[Opening MATERIAL FOR THIS TASK section]

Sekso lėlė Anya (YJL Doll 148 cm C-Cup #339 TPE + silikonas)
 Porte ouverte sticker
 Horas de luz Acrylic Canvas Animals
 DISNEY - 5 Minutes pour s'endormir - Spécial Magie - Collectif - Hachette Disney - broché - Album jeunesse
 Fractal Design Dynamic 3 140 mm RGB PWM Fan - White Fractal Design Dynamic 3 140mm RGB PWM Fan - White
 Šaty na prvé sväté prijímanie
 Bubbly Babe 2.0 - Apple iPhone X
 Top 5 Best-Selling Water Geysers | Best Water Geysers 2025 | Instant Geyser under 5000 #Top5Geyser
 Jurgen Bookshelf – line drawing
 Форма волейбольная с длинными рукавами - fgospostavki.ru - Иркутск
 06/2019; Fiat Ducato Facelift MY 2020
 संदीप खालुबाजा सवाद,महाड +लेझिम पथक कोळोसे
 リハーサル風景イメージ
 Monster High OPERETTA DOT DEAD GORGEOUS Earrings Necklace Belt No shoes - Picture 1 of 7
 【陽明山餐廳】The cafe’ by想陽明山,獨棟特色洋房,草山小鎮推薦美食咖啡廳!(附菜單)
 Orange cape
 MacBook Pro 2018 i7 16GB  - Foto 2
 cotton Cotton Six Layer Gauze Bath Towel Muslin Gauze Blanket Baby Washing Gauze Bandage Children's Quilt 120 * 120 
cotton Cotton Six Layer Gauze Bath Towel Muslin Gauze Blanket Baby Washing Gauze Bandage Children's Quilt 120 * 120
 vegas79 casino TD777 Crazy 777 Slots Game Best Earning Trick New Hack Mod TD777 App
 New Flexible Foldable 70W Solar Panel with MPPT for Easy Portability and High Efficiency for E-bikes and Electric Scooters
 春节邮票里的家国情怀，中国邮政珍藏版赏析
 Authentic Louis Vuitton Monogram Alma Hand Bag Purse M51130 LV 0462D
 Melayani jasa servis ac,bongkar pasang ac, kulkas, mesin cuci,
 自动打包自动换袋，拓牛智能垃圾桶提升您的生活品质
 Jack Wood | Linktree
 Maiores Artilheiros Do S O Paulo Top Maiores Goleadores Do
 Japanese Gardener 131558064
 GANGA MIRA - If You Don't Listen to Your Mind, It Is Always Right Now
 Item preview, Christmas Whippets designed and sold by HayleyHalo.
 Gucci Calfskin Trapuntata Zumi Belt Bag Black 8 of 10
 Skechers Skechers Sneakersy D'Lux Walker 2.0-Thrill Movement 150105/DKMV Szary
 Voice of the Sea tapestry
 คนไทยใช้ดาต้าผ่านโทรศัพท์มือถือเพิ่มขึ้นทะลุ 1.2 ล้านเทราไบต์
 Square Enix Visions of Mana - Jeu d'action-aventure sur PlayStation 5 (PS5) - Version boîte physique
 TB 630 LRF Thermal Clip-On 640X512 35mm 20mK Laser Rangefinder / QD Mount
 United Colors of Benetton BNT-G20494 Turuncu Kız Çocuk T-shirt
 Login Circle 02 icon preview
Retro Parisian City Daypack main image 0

[Closing MATERIAL FOR THIS TASK section]

Give back, unchanged, the run of lines in the listing above that begins at the line containing "Porte ouverte sticker" and ends at the line containing "Šaty na prvé sväté prijímanie", both included.

■ **RESULT OF THE TASK**:
 Porte ouverte sticker
 Horas de luz Acrylic Canvas Animals
 DISNEY - 5 Minutes pour s'endormir - Spécial Magie - Collectif - Hachette Disney - broché - Album jeunesse
 Fractal Design Dynamic 3 140 mm RGB PWM Fan - White Fractal Design Dynamic 3 140mm RGB PWM Fan - White
 Šaty na prvé sväté prijímanie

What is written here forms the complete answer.